Davis had been reported missing nearly six months earlier after he was last seen on Prince Rupert Avenue in northeast Winnipeg.

The discovery of Davis’s remains triggered a lengthy RCMP investigation that resulted in charges being laid against Cory Tymchyshyn and Kristopher Brincheski in September 2008.

RCMP conducted lengthy searches at two Winnipeg homes in connection to the case, one on Prince Rupert Avenue and the other in West Kildonan.

Both Tymchyshyn and Brincheski consented to stand trial on first-degree murder charges in the Court of Queen’s Bench following the conclusion of their preliminary hearing Friday morning. They have pleaded not guilty to the charges.
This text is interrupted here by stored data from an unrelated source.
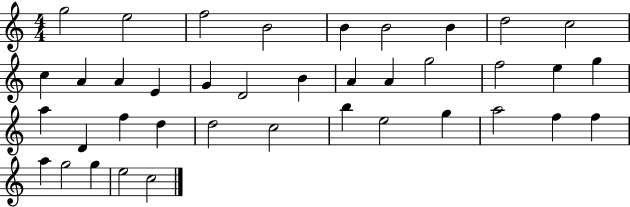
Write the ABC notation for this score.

X:1
T:Untitled
M:4/4
L:1/4
K:C
g2 e2 f2 B2 B B2 B d2 c2 c A A E G D2 B A A g2 f2 e g a D f d d2 c2 b e2 g a2 f f a g2 g e2 c2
Both men remain free on bail.

Their next court date is Dec.8, but no trial date has been set. They face mandatory life sentences without a chance of parole for 25 years if convicted.

Judge Brian Corrin cautioned the men that the results of their preliminary hearing did not in any way indicate a finding of guilt, telling court that "99.6 per cent" of preliminary hearings trigger a committal to trial.

Publication ban on evidence

A mandatory publication ban on the evidence tendered by the Crown during the preliminary hearings is in effect.

RCMP have said little about the case and have never revealed a motive for Davis’s killing.

Police have publicly said the accused knew Davis, but wouldn’t say how.

Court records show Tymchyshyn and Brincheski were business partners in a company called Brincore Homes.

Two men out fixing a dock in cottage country near Lac du Bonnet discovered Davis’s remains. They told CBC News at the time that the barrel had been floating in the Lee River for a couple of weeks before they decided to retrieve it and pry it open.

After making the horrific discovery, they immediately called RCMP.